DATASET EXTRACT
########################################
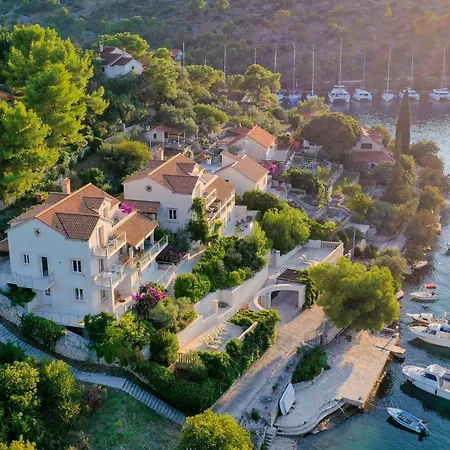 Villa Philippa - Luxurious Five-room On The Island Of Brac - Idyllic Location Right By The Sea - Incredible View Of The Sea Bay - Vip Services - Buralux Properties *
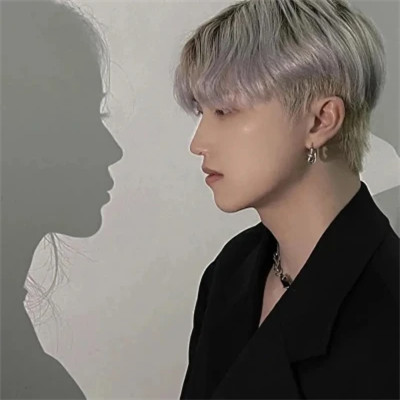 2025最火一男一女超甜超撩情头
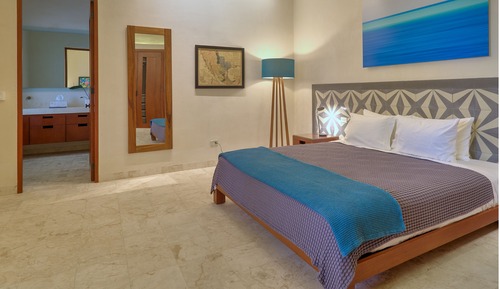 Deluxe Room (2), 1 King Bed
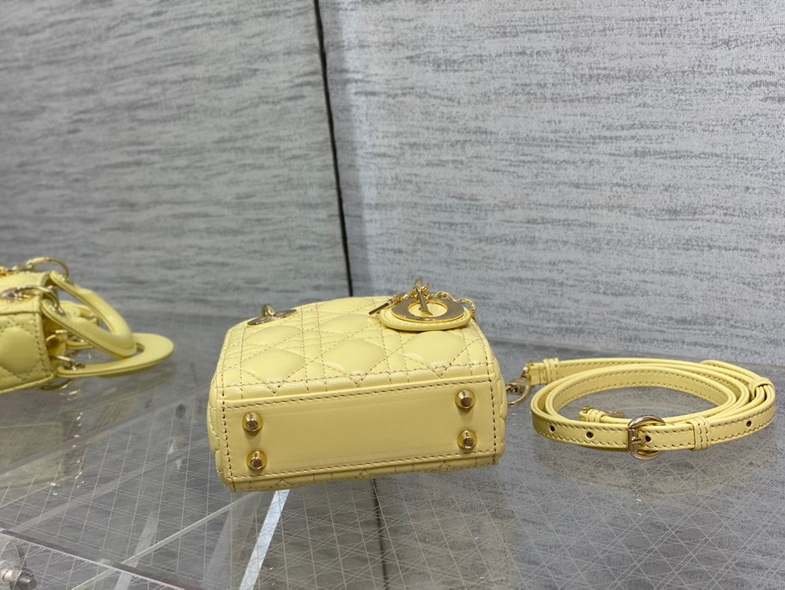 Dior Handbags AAA(Women)-202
########################################
YOUR ASSIGNMENT
Set down again, exactly, the lines from the one with "Deluxe Room (2), 1 King Bed" to the last line of the data, both included and pictures excluded.

OUTPUT OF THE TASK
 Deluxe Room (2), 1 King Bed
 Dior Handbags AAA(Women)-202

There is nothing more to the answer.